In high school I discovered that someone had done most of the work for me, and I began to dabble with game creation toolkits like SSI’s Unlimited Adventures and TADS and the Adventure Game Toolkit. It was never enough for me, though, I always wanted to do more than the programs would let me, I always dug deep into modifying what I could and working around what I couldn’t.

After high school I majored in Computer Science, taking classes in HTML and COBOL and such, ostensibly to get work resolving the Y2K issues, but really just because I wanted to make video games.

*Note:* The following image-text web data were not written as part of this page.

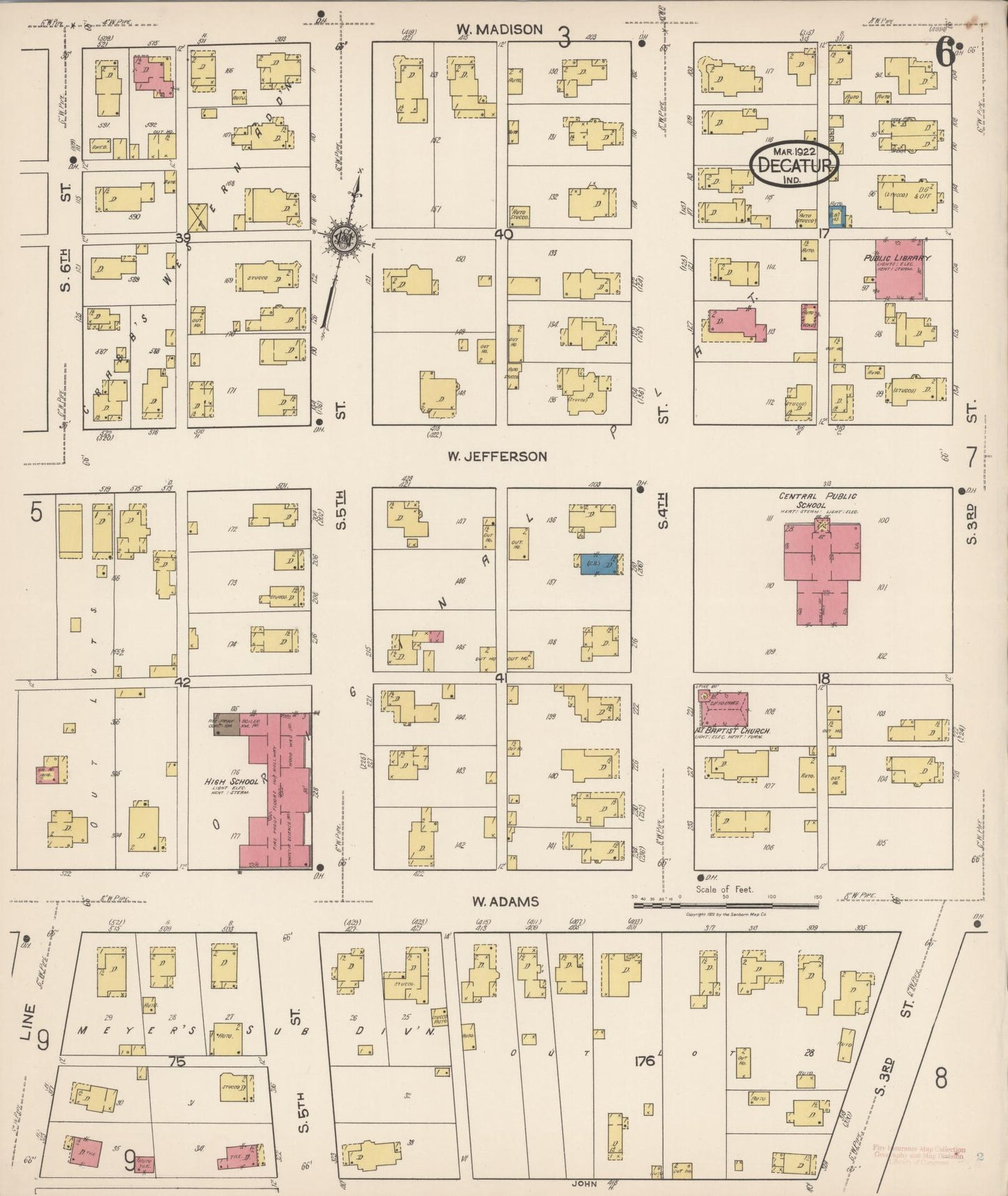 Sanborn Fire Insurance Map from Decatur, Adams County, Indiana (1922), Sheet #0006 - Complete Map Set gallery image, historic Sanborn map, vintage wall art, Indiana Indiana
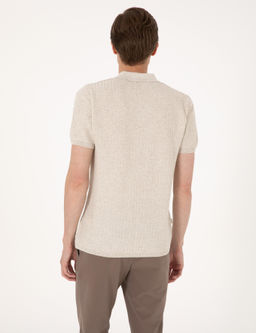 Bej Slim Fit Polo Yaka Triko Ti__rt - Pierre cardin фото 5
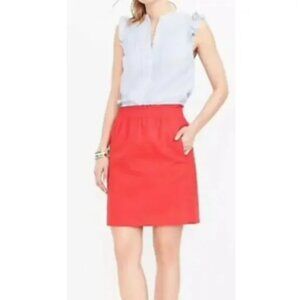 J. Crew Sidewalk linen cotton blend paperbag mini skirt in coral pink 6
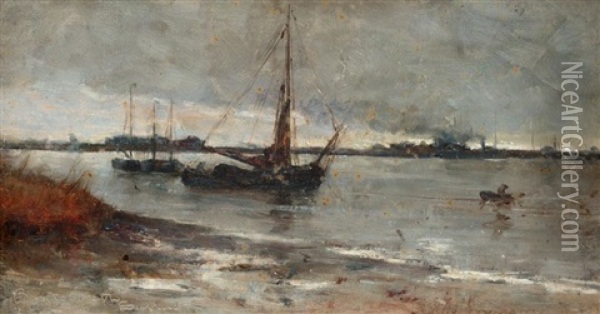 Barges On The Scheldt Oil Painting - John Reid Murray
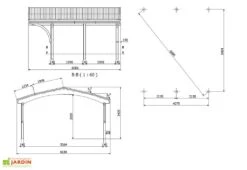 Carport Double En Épicéa Traité Et Lamellé Collé 609x605x339cm Nevada -Solid || Axi || EXIT TOYS Soldes Boutique carport bois nevada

It’s a lot easier these days. We had communities in the past – forums and usenet groups – but nothing like it is now, with Game Jams and game dev discords and everything else. The tools are better, too, more user-friendly, with better support and third-party libraries and many more options.

Current Projects:

So I’m not really starting from scratch. In fact, I’m involved in a few projects right now.


Wayfarer is a work of audio interactive fiction I’ve been working on for Burning Brigid Media. It was supposed to be a fairly quick demo, but midway through last year I ran into a problem with app permissions, and I’ve been taking Android Development courses to figure out what I need to do. I’ll likely start it over as a native Android app.

Murder By Clockwork

Murder By Clockwork is simpler – a Twine game I’m creating for my Patrons, set in the world of the Galvanic Century steampunk mystery novels that I write. But I couldn’t make “just a Twine game,” oh no, I need to fuss around with image maps, javascript, and CSS.

So I’ll be working on Murder By Clockwork, Wayfarer when I’m at the point where I feel confident in the Android Dev lessons I’ve been taking, and other, shorter-scope side projects as we go along.